İşte o yazımıza tepki aldık. Projenin sahibi kuruluşlardan mı? Hayır. Bizim şirkette çalışan arkadaşlardan geldi tepki: “Ali Bey, bir iki kanalda gösterdikleri bir tanıtım filmi var. Atlamışsınız!” dediler… Özür diler. Düzeltiriz… Bu arada proje sahibi kuruluşlardan hâlâ ‘tık’ olmadığını da belirtmeden geçmeyelim…
“Farklılaş Ya Da Öl!”
Bir dijital kamera almaya kalkın. Yandınız… Başınız döner. Hangisi daha iyi diye yüzlerce örnek arasında gidip gelirsiniz. Aynı teknik özelliklere sahip hangi bilgisayar, hangi otomobil daha iyidir? Ya deterjanlardan hangisi daha beyaz yıkar?…
5 yıldızlı otellere ne demeli? Adı üstünde hepsi ‘5 yıldızlı’, yani standart. Yani hepsinde aynı kalitede hizmet ve maddi koşullar var.
Günümüzde, satın alma kararlarında maddi özellikler birinci dereceden rol oynamıyorsa, pekiyi ne rol oynuyor? Ürün ve hizmetinizi rekabetten nasıl farklılaştıracak ve satacaksınız?...
Bugünlerde tüm pazarlama ve stratejik iletişim uzmanlarının çözüm aradığı soru bu. Nasıl farklılaşacaksın ve bunu nasıl sürdüreceksin?..

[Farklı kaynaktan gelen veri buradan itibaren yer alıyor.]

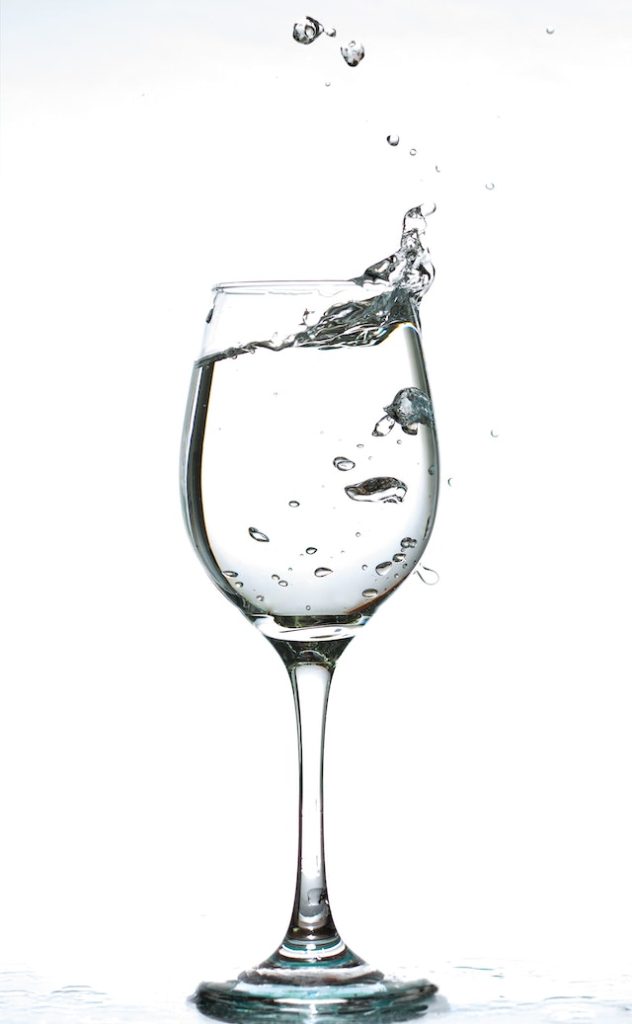 Headache from wine. Wine glass with water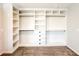 Spacious walk-in closet with built-in shelves and rods at 110 Randomwood Way, Alpharetta, GA 30022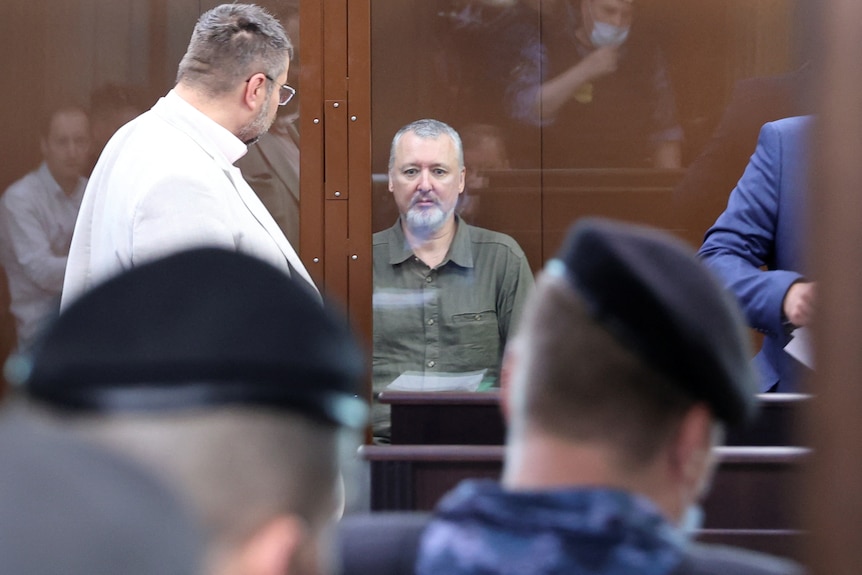 A grey haired man looking pale and confused in a glass cage 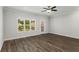 Spacious living room with hardwood floors and access to patio at 1708 Evenstad Way, Smyrna, GA 30080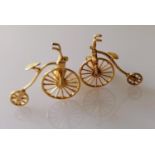 An artisan gold pair of cuff links in the form of penny farthings, unmarked, testing for 18ct, 9.8g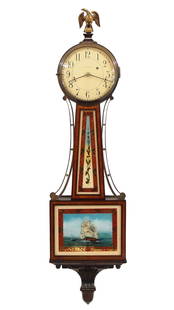 Waltham Banjo Clock: A 1930's Waltham banjo wall clock. 8-day weight driven time only movement with maintaining power and Geneva stops, painted metal dial and Arabic numerals, marked "Waltham" on dial. Mahogany case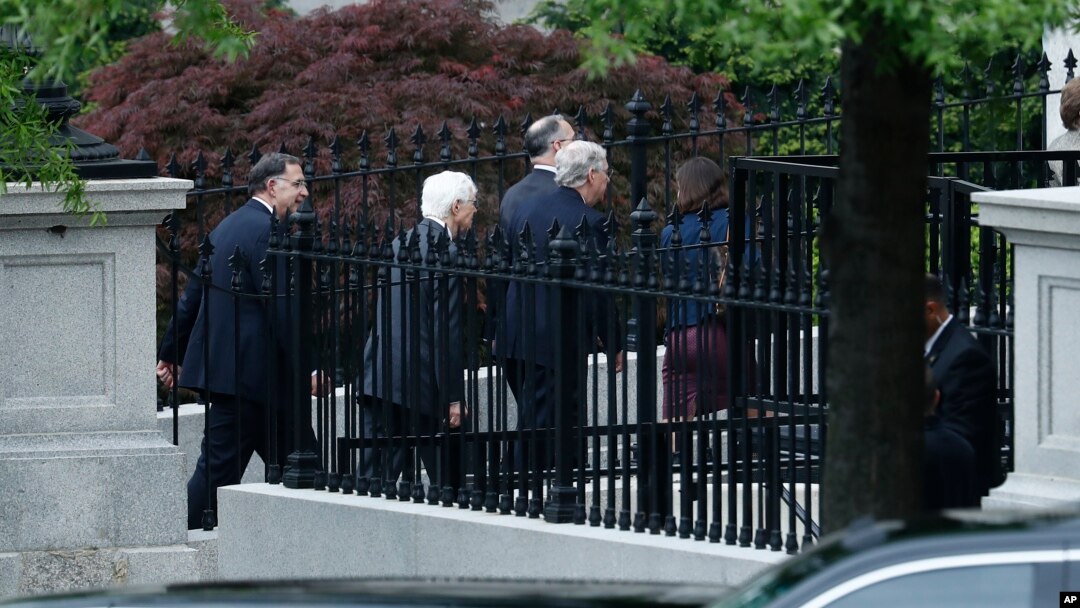 Senate Majority Leader Mitch McConnell (center) and other senators walk to an all-Senators briefing on the situation in the Korean Pensinsula, April 26, 2017, at the Eisenhower Executive Office Building on the White House complex in Washington.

Kolay iş değil. Örneğin, SABAH gazetesi üst yönetimi bu değişim süreci için hedef olarak 3 yılı seçmiş. IBM’in farklılaşma stratejisini oturtması için 5 yılın geçmesi gerekmişti.

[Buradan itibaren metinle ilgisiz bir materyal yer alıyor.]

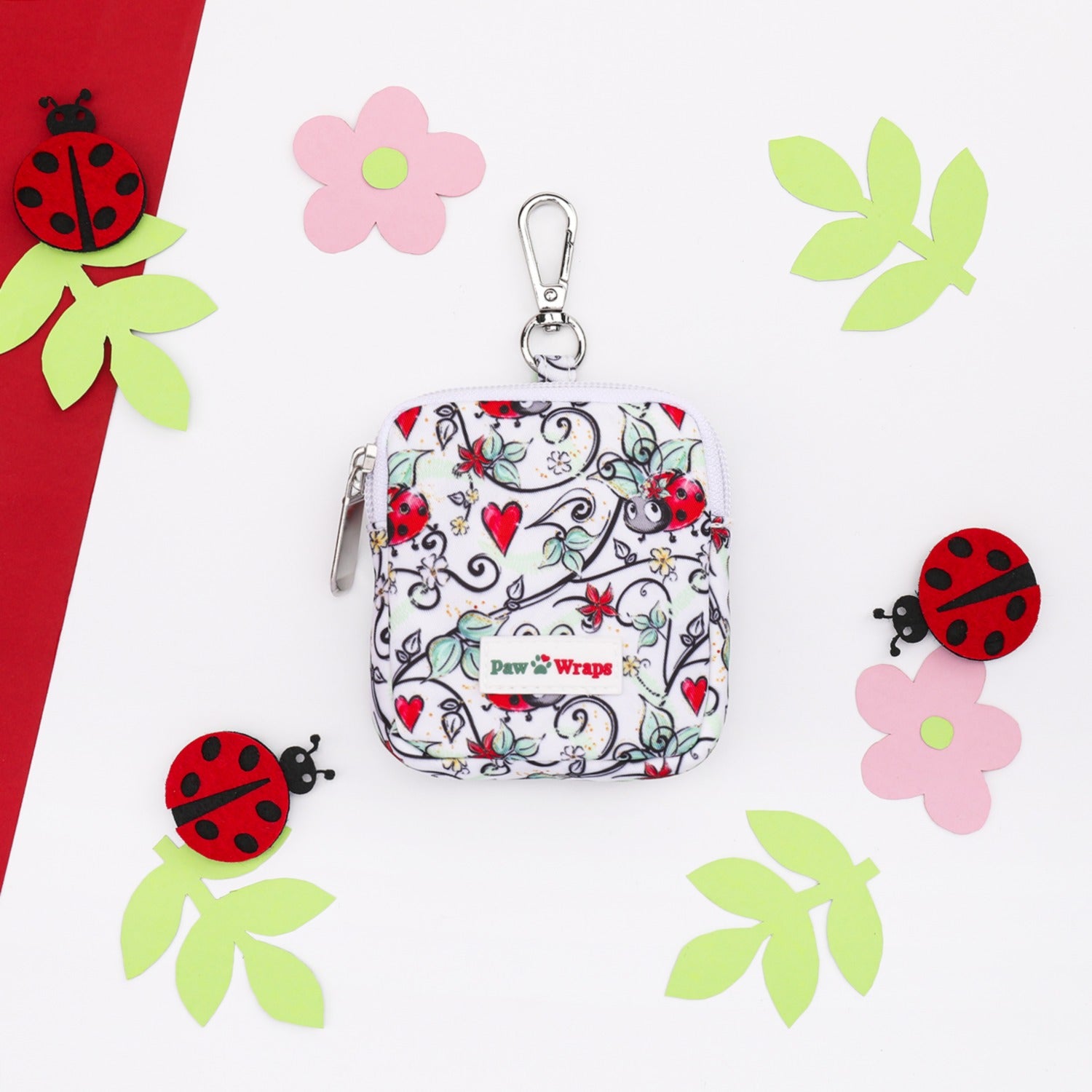 Ladybug print dog accessory pouch with floral design and heart accents, perfect for stylish walks.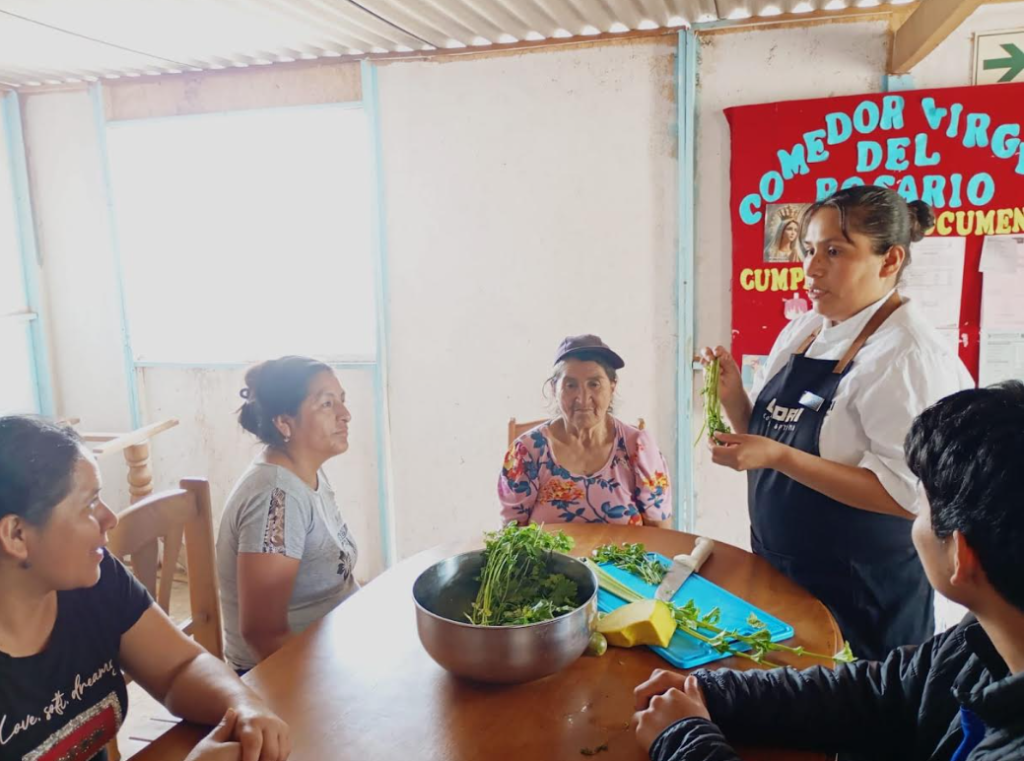 Mujeres participan en una clase de cocina, observando a la anfitriona que sostiene hierbas frescas. En una mesa, hay un bol con verduras y utensilios de cocina. Al fondo, se ve un cartel del comedor comunitario.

Management Center Türkiye (MCT), 4. Pazarlama Zirvesi’nin içeriğini bu sorunun yanıtını aramak üzere oluşturmuş. Zirvenin adı: Sürdürülebilir Farklılaşma! Çok sayıda yabancı ve yerli uzmanın katılacağı etkinlik, 10-11 Aralık’da Grand Cevahir Oteli Kongre Merkezi’nde. Sponsorları: Ak Emeklilik, Siemens Mobile, Teknoloji, Edding, Barem Research, CMC, Kültür AŞ… Şu anda kayıt yaptırmış kişi sayısı 400… Nerdeyse hiç reklam yapmadan 2 ay öncesinden salonun dörtte üçü dolmuş. Bilginin güç haline henüz tam anlamıyla gelemediği ülkemiz için iyi işaretler.

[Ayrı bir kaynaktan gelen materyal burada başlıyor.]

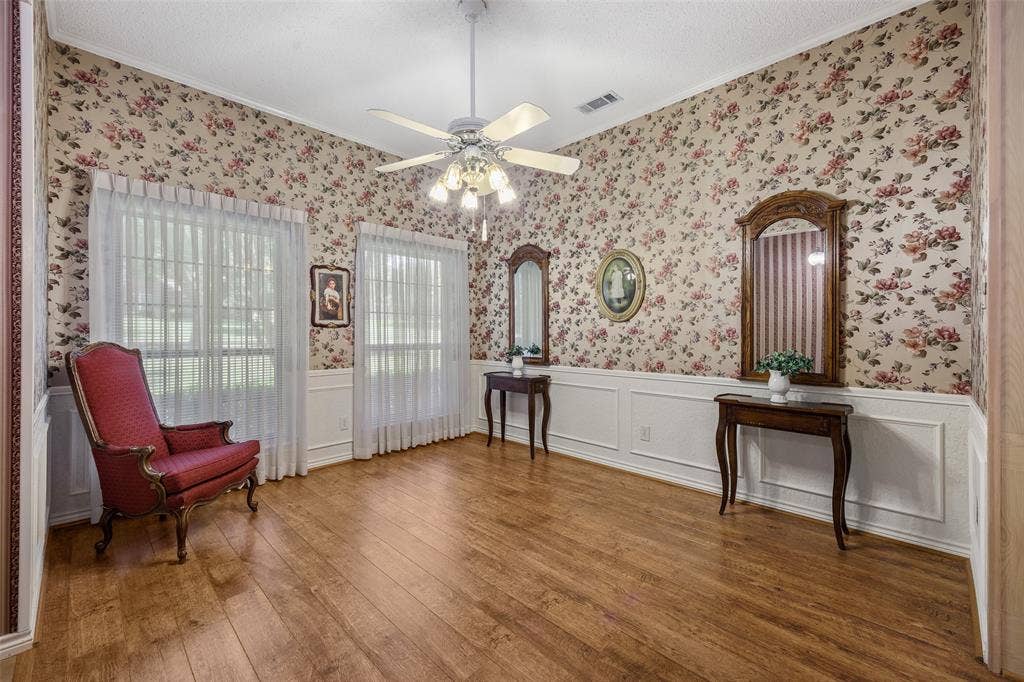 205 Covey Lane, McKinney, TX 75071 Spacious room featuring wood-finish flooring, floral wallpaper, and wainscoting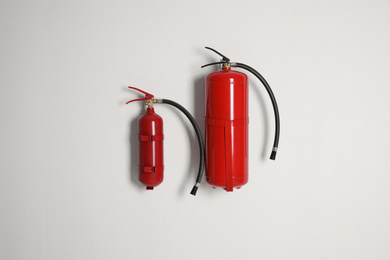 Photo of Different fire extinguishers hanging on white wall
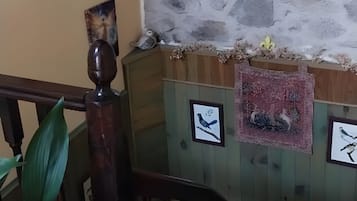 Una habitación con pared de piedra, un cuadro enmarcado y un banco de madera.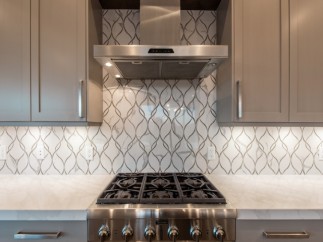 This stunning kitchen boasts sleek stainless steel appliances and modern gray cabinetry.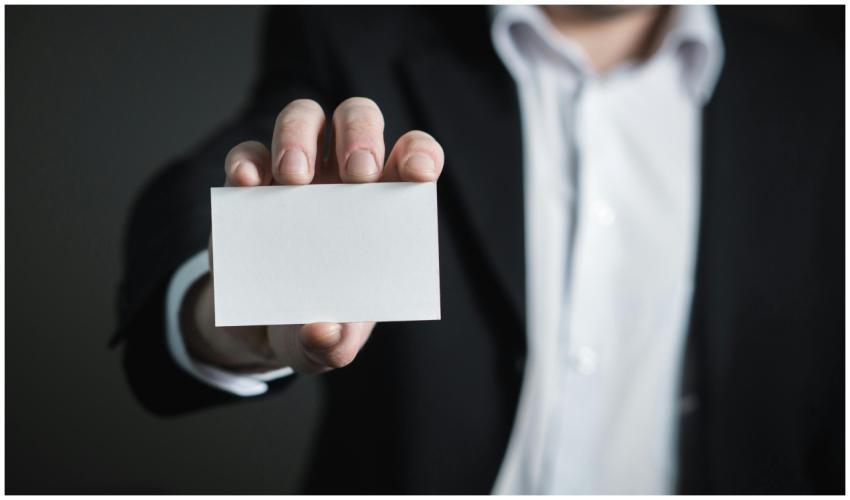 A man in a suit presenting a blank business card f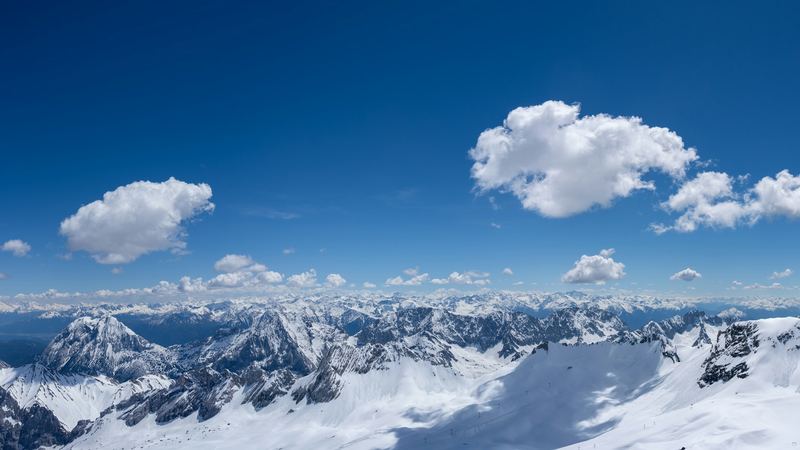 The snowfields of the Zugspitze and a sea of Alpine peaks under a deep blue sky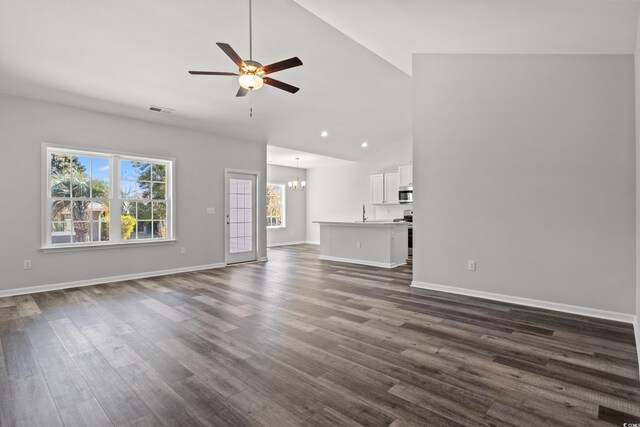 unfurnished living room featuring dark hardwood / wood-style floors, ceiling fan with notable chandelier, and high vaulted ceiling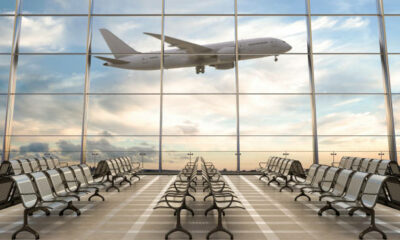 Cape Town International Airport premium lounge, SAA Discovery lounge interior, luxury airport lounge South Africa, gourmet buffet and mixology bar, private work booths, Joburg ETC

Ülkemizde bazılarının farklılaşmak için hâlâ sığındığı ‘imaj değiştirme’ taktiğinin ne kadar demode kaldığını anlamak için, iletişimle ilgilenen herkesin (kim ilgilenmiyor ki) katılamasa bile zirvenin belgelerini MCT’den edinmesinde yarar var.